Inocente de mí, volví a Jefatura para preguntar si mantenían su versión. El policía de turno me dijo que sí, mirándome casi con pena.

Llegué al periódico en el que trabajaba convencido de tener entre manos una noticia explosiva. Las marcas en el cuerpo concordaban con la versión de los familiares y amigos: decían que el chaval, que llevaba una pistola, había sido tiroteado por la espalda mientras intentaba escalar una valla metálica para escapar de la policía.

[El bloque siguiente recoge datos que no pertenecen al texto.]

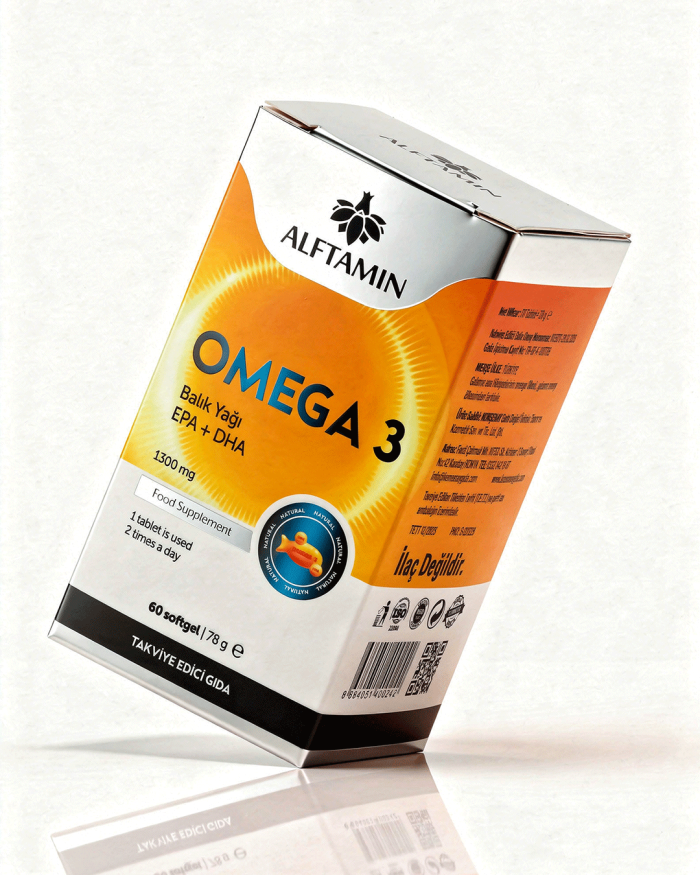 ALFTAMİN Omega 3 Balık Yağı 1300 Mg 60 Softjel Kapsül - Görsel 4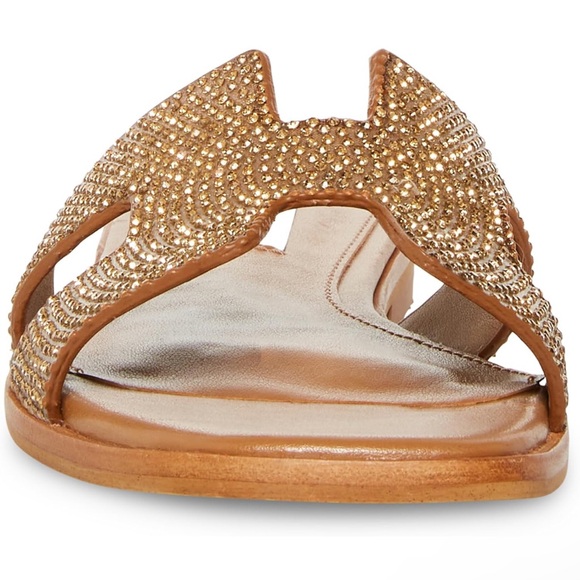 NWT Steve Madden Hadyn Bronze Rhinestone Size 10 - Picture 5 of 7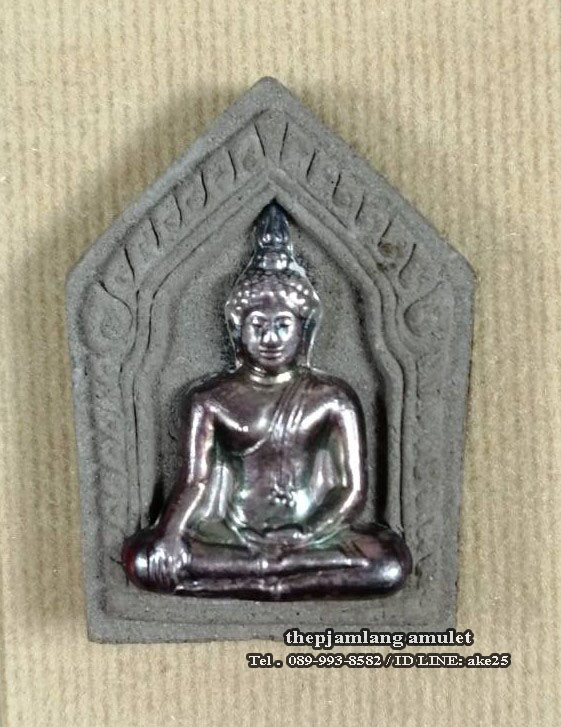 พระขุนแผนมหาเสน่ห์(1) รุ่นแรก หลวงพ่อโปร่ง โชติโก วัดถ้ำพรุตะเคียน ชุมพร เนื้อผงพุทธคุณ หน้ากาก เงิน (จิม 1 โค๊ท) ปี 2557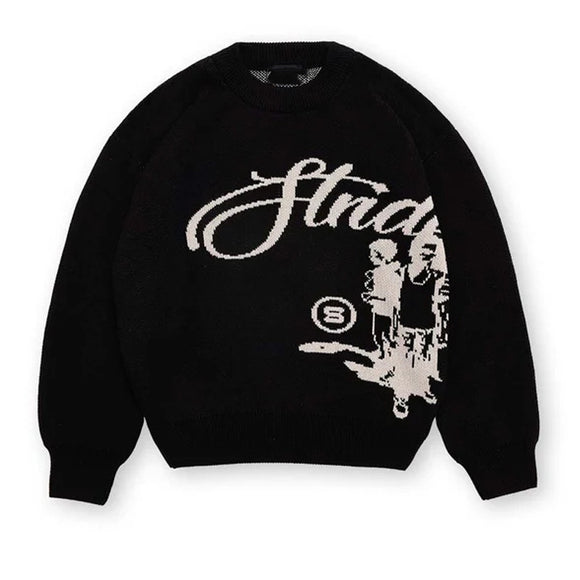 Men’s Sweater Pullover Elegant Knitted Gothic Casual Fashion Street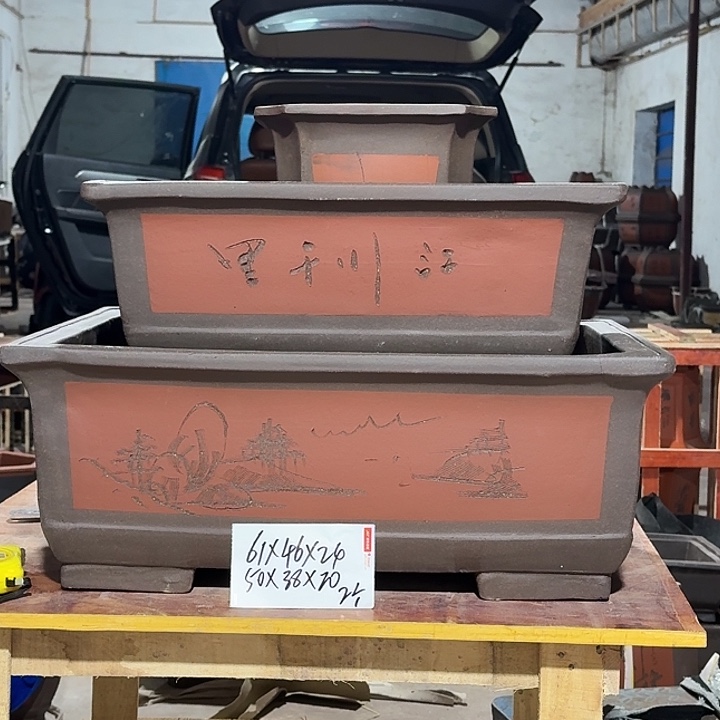 紫砂花盆紫砂花盆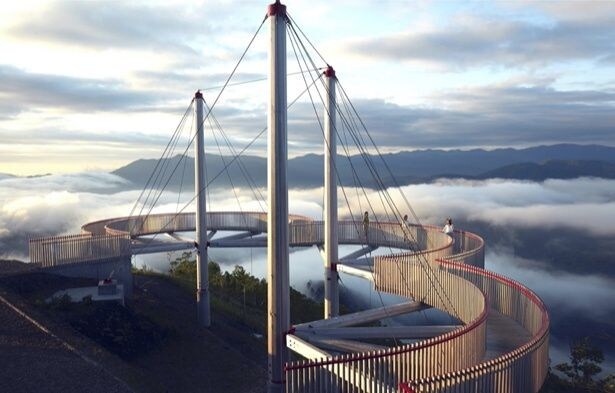 リゾナーレトマム(北海道)の展望スポット「Cloud walk」
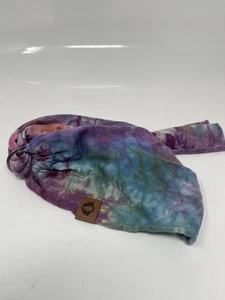 Ooakshell Cabeza Envoltura de Cabello Tie Dye Púrpura Azul Tinte de Hielo - Imagen 1 de 2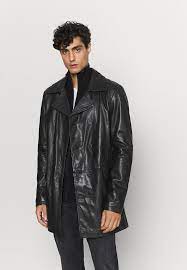 Freaky Nation Jesper Leather Jacket Black Zalando Ie Leather Jacket Black Leather Jeans Men Leather Jacket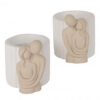 Candela coppia sposi romantica realizzata in terracotta, questa candela è assortita in due modelli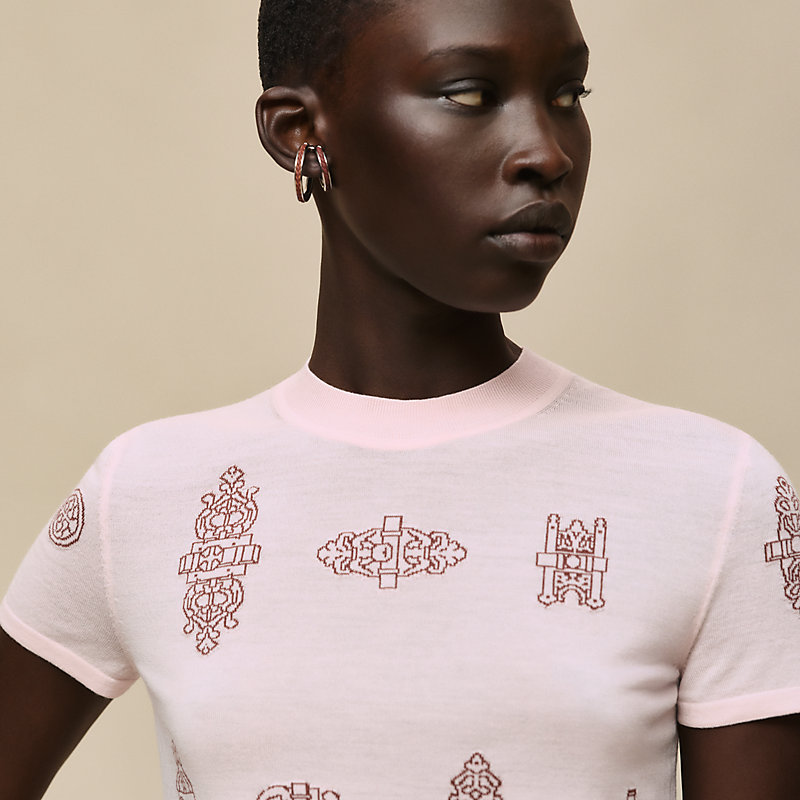 "Ferronnerie" short-sleeve sweater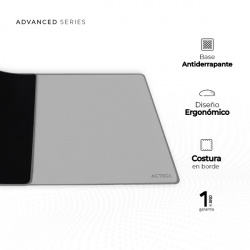Mousepad Acteck Vibe Flow Max MT480, 90 x 40cm, Grosor 3mm, Gris 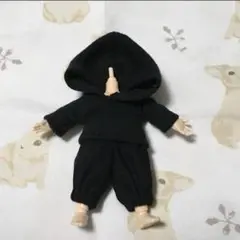 オビツ11 服 ハンドメイド 上下 セット (黒)即購入OK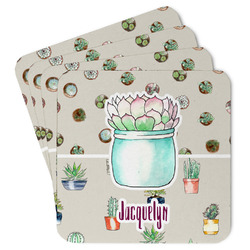 Cactus Paper Coasters (Personalized)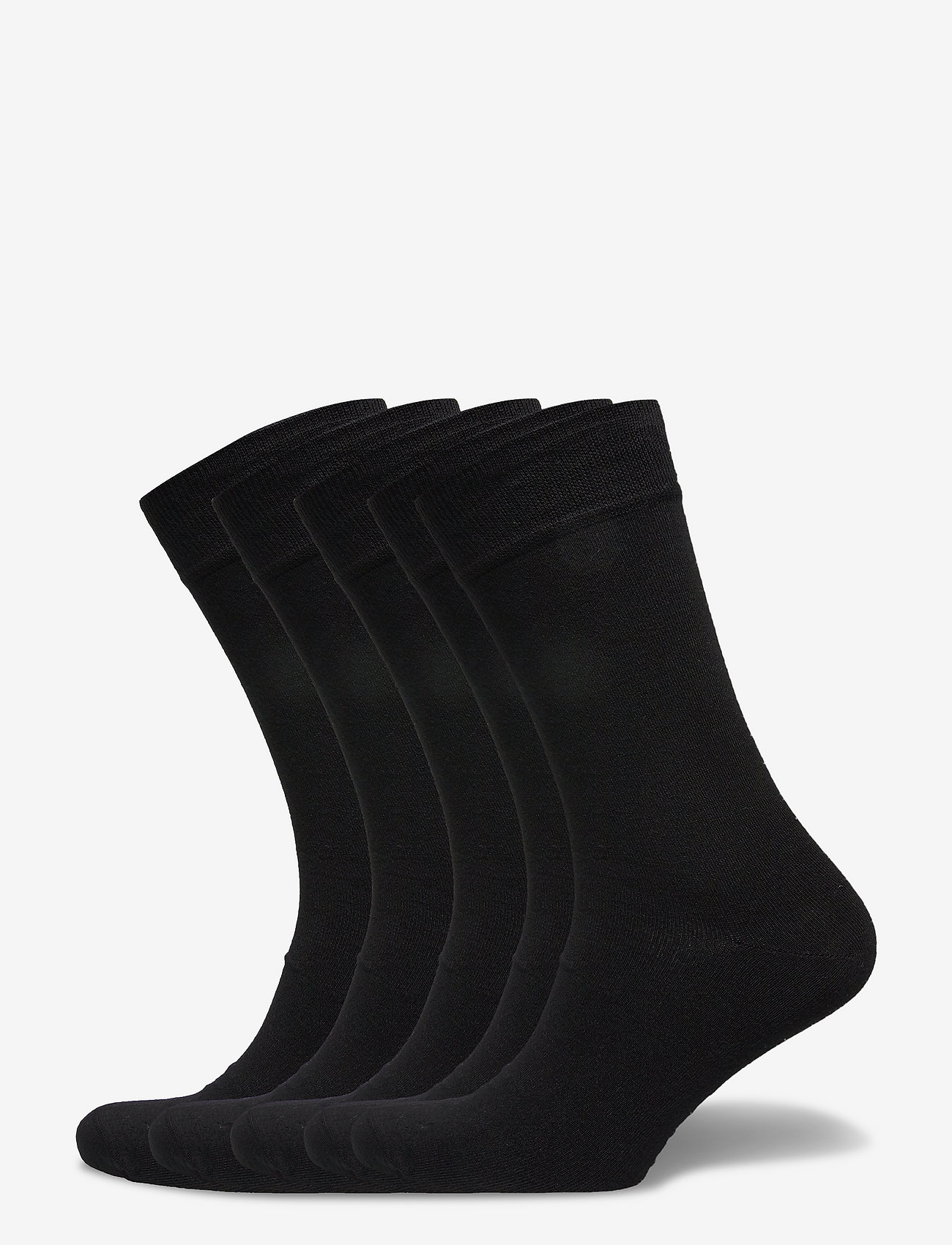 Frank Dandy - Bamboo Solid Crew Sock - tavalliset sukat - black - 0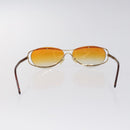 CHANEL Sunglasses plastic Orange CC Auth SW918-3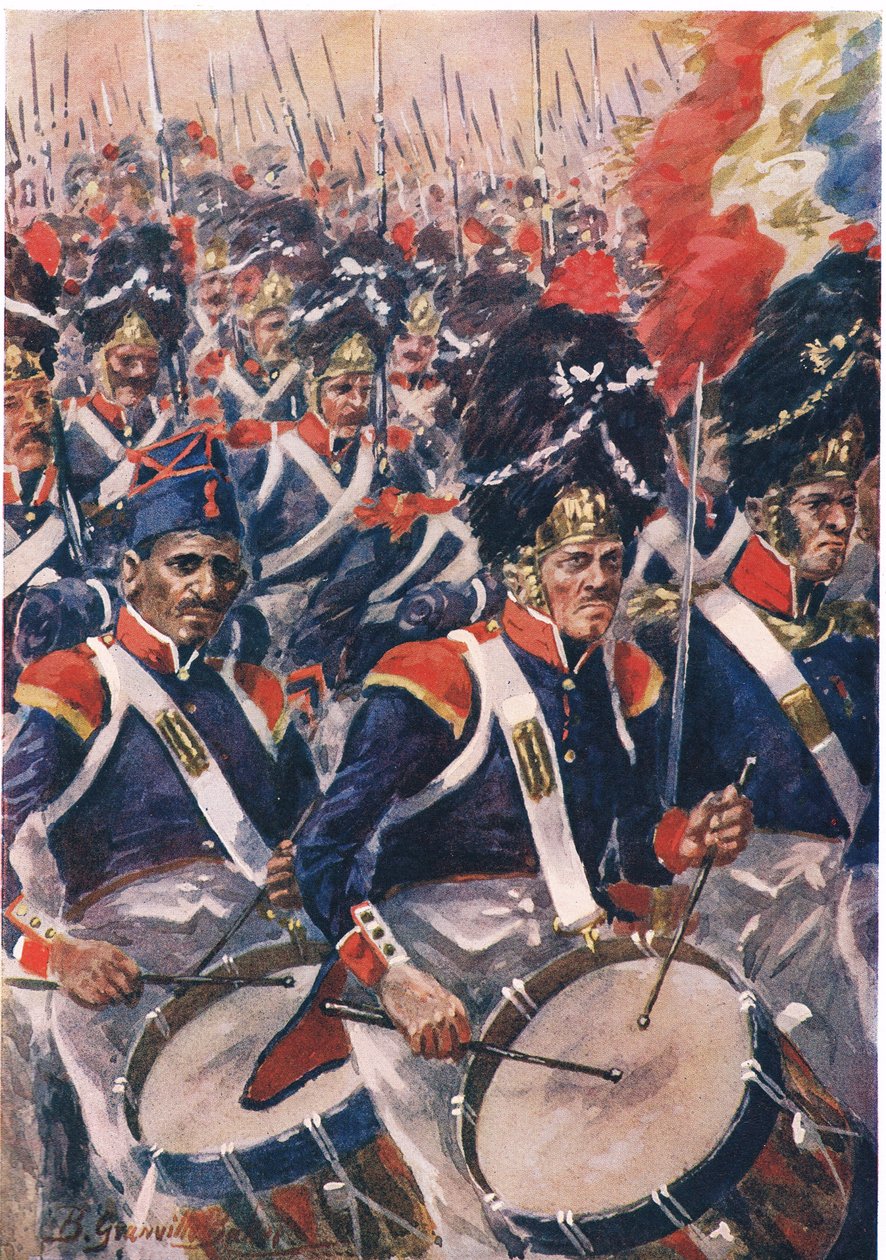 Franskmændenes fremmarch ved Barrosa, illustration fra 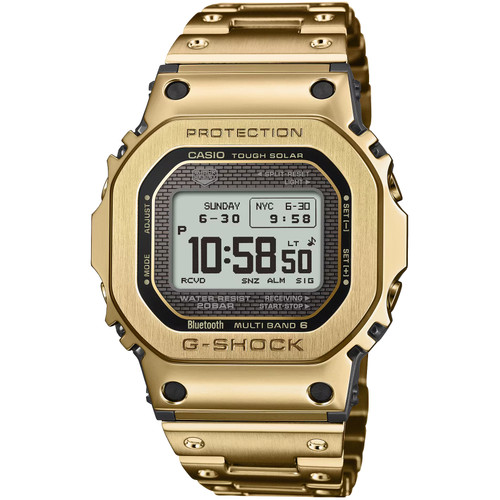 G-Shock 5000 Series Full Metal Watch | 44mm | Bluetooth | Radio Controlled | Tough Solar | Gold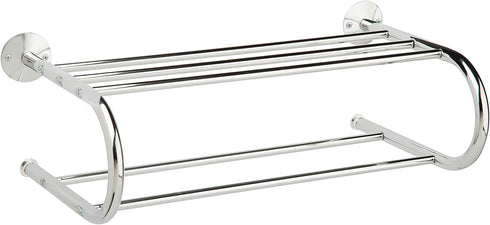 Honey-Can-Do Wall Mount Towel Rack BTH-09207 Chrome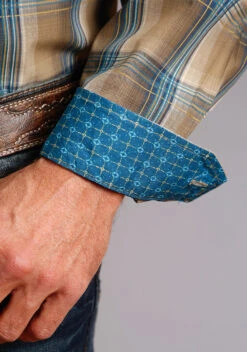 Stetson Khaki Ombre Long Sleeve Shirt -Way Out West Trading Shop 1100105796040c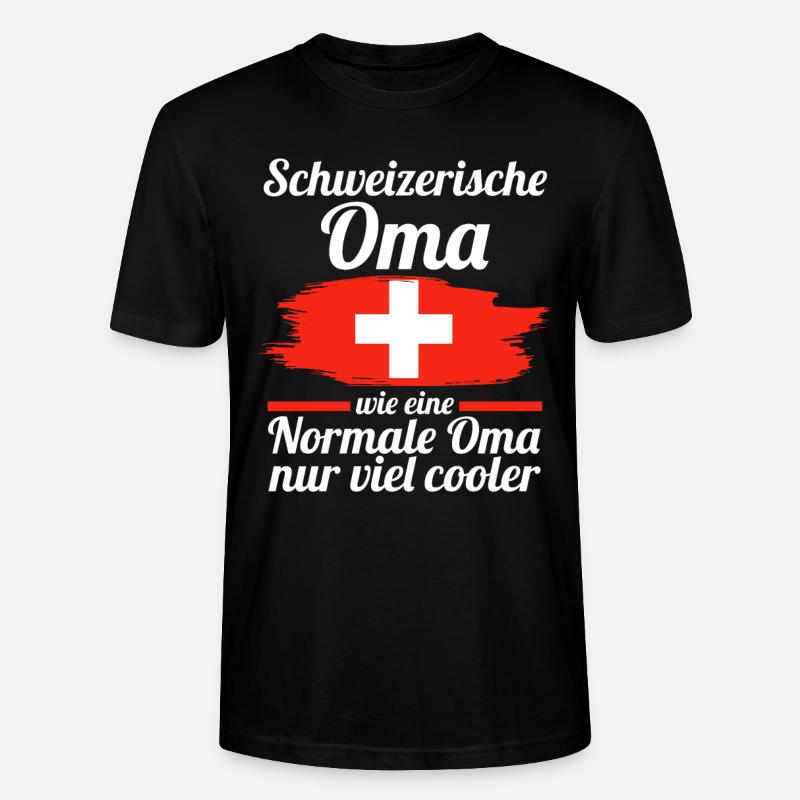 Schweizerin Schweizer Oma Schweiz - Stanley/Stella Unisex Bio-T-Shirt CRAFTER - Schwarz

Escribí unas 80 líneas y las entregué al redactor jefe. Al cabo de un rato, el director me llamó a su despacho. Estaba con el subdirector y tenían sobre la mesa mis folios de papel grisáceo. "Oye, ¿de dónde has sacado eso de los disparos por la espalda?", me preguntó el director. Dije algo así como: "Es una hipótesis, he visto y tocado los agujeros". "Ya, pero ninguna fuente lo confirma. La única fuente que aparece en el texto", dijo el director, "afirma lo contrario". "Ya, pero yo he visto el cadáver".

Me miraron, ellos también, casi con pena. El director sacó un bolígrafo rojo y empezó a tachar, lentamente, frase a frase. Al final quedaron seis líneas: un par más de lo previsto inicialmente. Luego, muy cabreado, comenté con un compañero que mi texto sólo habría podido publicarse íntegro bajo un titular que dijera, más o menos: "La policía miente, según la policía". Entonces lo dije en broma. Ahora lo pienso en serio.

Javier Pérez Andújar escribía ayer, en este mismo periódico, que habría que proyectar las películas de quincorros sobre la tumba de Porcioles. Estoy de acuerdo. Y también sobre un periódico de la época, y sobre la fachada de Jefatura, y sobre todos aquellos silencios reconciliadores de la transición.